Concurrently, the Company remains in farm-out negotiations
with several potential farm-in partners for certain licences
across the portfolio, including Côte d'Ivoire, The Gambia and
Senegal.
- On 23 November 2016 the Company announced that Liberian
production sharing contracts LB-08 and LB-09 had expired and
will not be extended.
- On 23 November 2016 the Company reached agreement with the
Government of Sierra Leone to proceed into the First
Extension Period of the SL-4A-10 licence and to modify the
work programme, minimum expenditure requirements and social
obligations in favour of the Company during the First
Extension Period on the licence.
- Post period end, the Company appointed BDO Audit (WA) Pty
Ltd, a member firm of BDO International Ltd, to replace Ernst
& Young as auditor of the Company.
- Post period end, at the invitation of the incoming
government a delegation from the Company travelled to The
Gambia to attend the 52nd Independence Anniversary
Celebrations and Inauguration of His Excellency Mr Adama
Barrow, President of the Republic of The Gambia, and to hold
a private meeting with President Barrow.
- Approximately US$0.2 million cash at bank as at 31 December
2016, together with US$10.9 million restricted cash.
- Post period end, the Company completed a private placement
to raise NOK 26,675,000 (approximately US$3.1 million)
(before costs) through the issue of 10,670,000 new fully paid
ordinary shares at a price of NOK 2.50 per share.

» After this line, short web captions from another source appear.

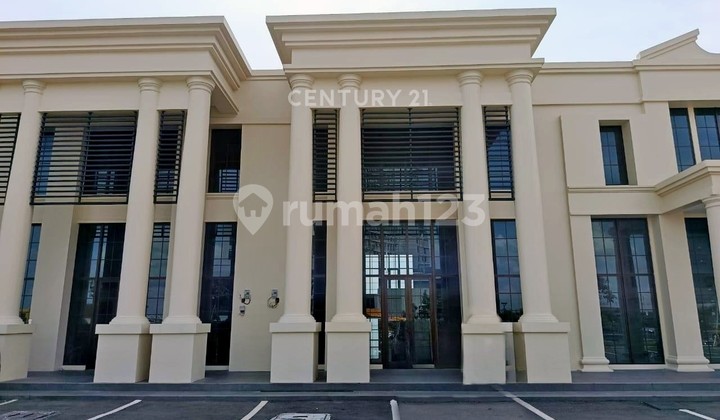 Ready-to-Occupy Shophouse in the Citraland City CPI Sunset Quay Area 1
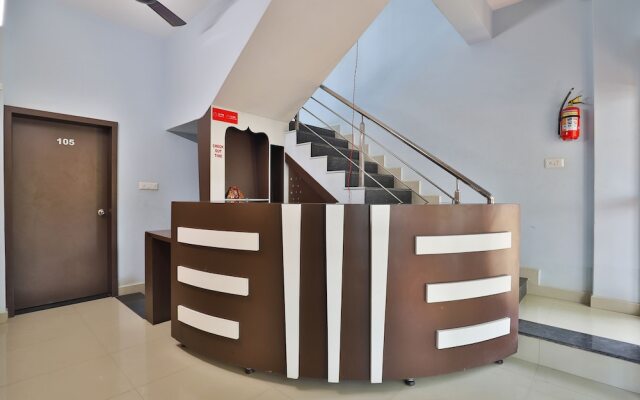 OYO 38589 Rajguru Guest House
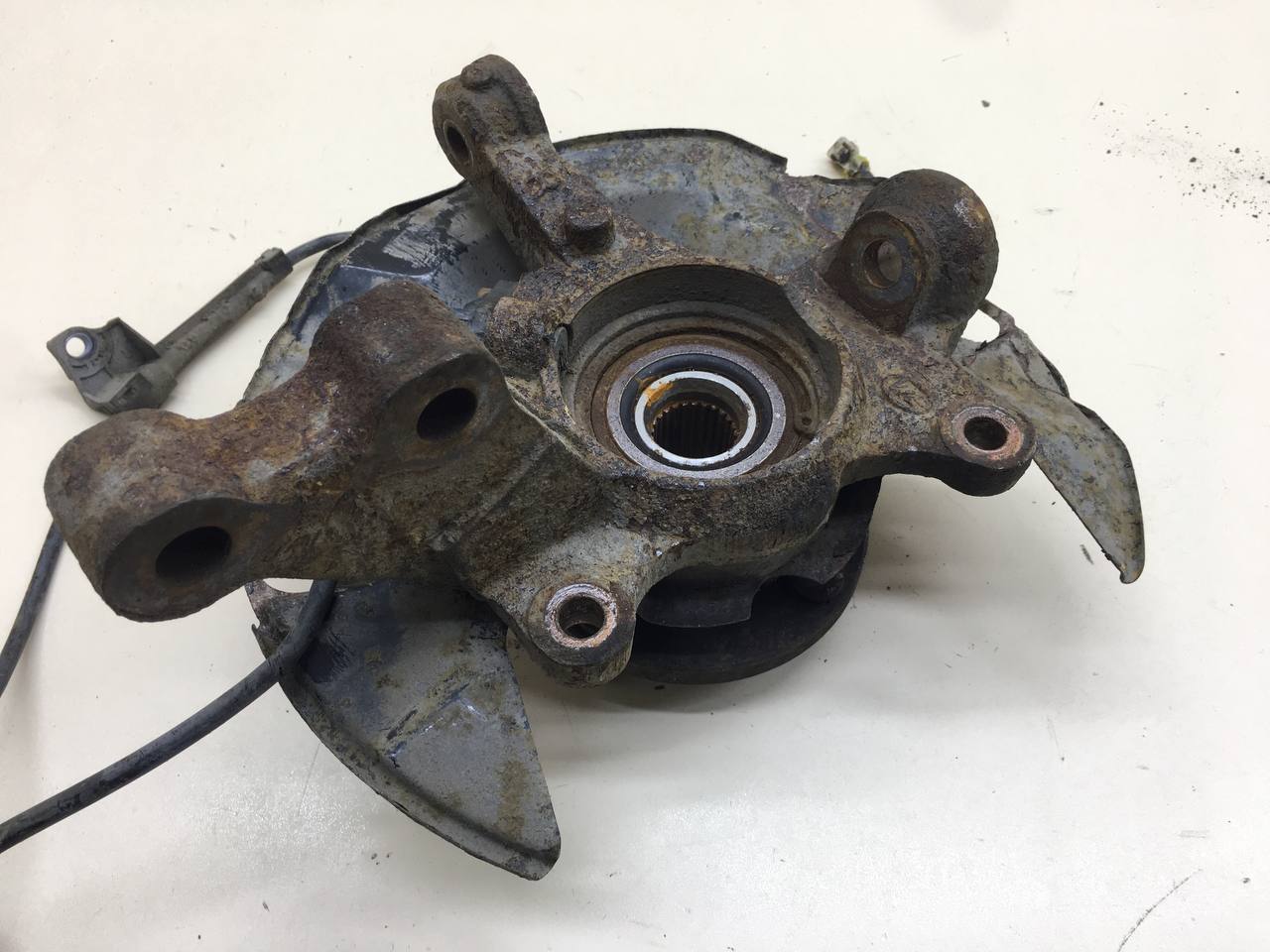 Кулак поворотный передний правый Lifan Solano 1 2008-2016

- The Company has continued to operate with a reduced running
cost base (implemented in late 2015).
COMPANY BACKGROUND
African Petroleum, listed on the Oslo Axess (APCL) and the
Open Market of the Frankfurt Stock Exchange (A1C1G9), is an
independent oil and gas exploration company led by an
experienced Board and management team, with substantial
experience in oil and gas exploration, appraisal, development
and production. The Company is a significant net acreage
holder in West Africa with estimated net unrisked mean
prospective oil resources in excess of 7.4 billion barrels.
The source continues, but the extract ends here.